Shit in one hand and wish for an energy miracle to fall into the other. Guess which one fills up first?
You're just a shill for Big Bio-Waste Energy!
I heard an interview with him today. It was kind of discombobulated. I wish he'd stop comparing the research of alternative energy to a 'moonshot', the description isn't apt, and it's been pointed out many times why, so I won't repeat it.
Also, while I understand it was a softball interview of a tech "luminary" where he got to push out empty platitudes, he made statements which didn't jibe with each other.
On the one hand, he said that liquid (gasoline) was incredibly energy dense which is what makes it such a great energy source. A few minutes earlier he said that the internal combustion engine won out over other technologies-- and he said it in a way that suggested it was just some kind of marketing trick or accident that it won out over electric.
We're apparently stuck with "moonshot" as an analogy for any big R&D project, just like we're stuck with "watergate" as a descriptor for any political scandal.
Well, Republican scandals. Democrat scandals are just old and fake.
Yup, more oil.
Will it run on Windows?
"public-private partnership between governments, research institutions, and investors. Scientists, engineers, and entrepreneurs can invent and scale the innovative technologies that will limit the impact of climate change while providing affordable and reliable energy to everyone." Gates is a believer in the role of government in subsidizing energy innovation and argues that such R&D spending needs to be tripled in the U.S. from $5 billion to $15 billion per year.
The "public" part of the partnership is what scares me. It tends to distort and hide the inefficiencies of a particular system that often ends up costing more, doing less, but that fact is hidden because of subsidies.
It also corrupts the private and when things go bad it gives them the scapegoat of pointing fingers at each other but in the end the taxpayer and customers get the bill.
Feature, not bug
Unfortunately, government is the ultimate judge, jury and executioner on who's fault it ultimately is. Funny that.
The scary thing about public-private partnerships is that they are, in general, no more dysfunctional than "public-public partnerships" (i.e. the government's myriad agencies and bureaucrats), but with the former, you get to see the dirty laundry aired and there are contractual obligations that can be enforced in court.
"As examples of the type of research that might produce energy miracles, Gates cites work in which carbon dioxide is transformed into liquid fuels."
Shut up, Bill... Unicorn farts are my idea.
Wet farts. We need the liquids.
Unicorn sharts?
Unicorn piss.
Gates cites work in which carbon dioxide is transformed into liquid fuels."
Why does that sound like a net consumer of energy to me?
That's actually kind of irrelevant. Fossil fuels *are* net consumers of energy - its just the energy input was over a long time and a long time ago.
As an *energy transport* mechanism its possible to use solar/wind/hydro/nuclear - sited in the places most appropriate to their type - to collect and store energy in hydrocarbon fuels which are then distributed through the already existing infrastructure.

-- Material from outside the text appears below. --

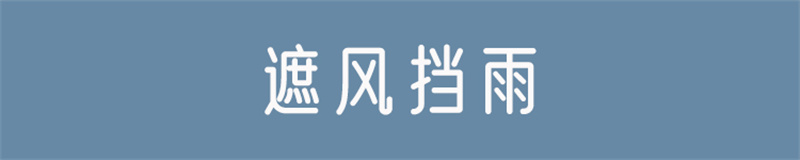 遮风挡雨.jpg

*Technically* this could be carbon neutral as the carbon in the fuel is scavenged from the atmosphere - where the carbon in your exhaust is going for no net increase in CO/CO2.
No need to build solar plants in New Hampshire, no need to build expensive energy storage facilities to handle the night and low input days, just build them in the Sahara desert, create the fuel, ship it to the power plants/consumers as we do now.
Not the Sahara - that's just more defense money getting pissed away dealing with unstable, barbaric regimes.
That's *why* its in the Sahara. You don't think defense contractors aren't going to keep getting their slice of the pie do you?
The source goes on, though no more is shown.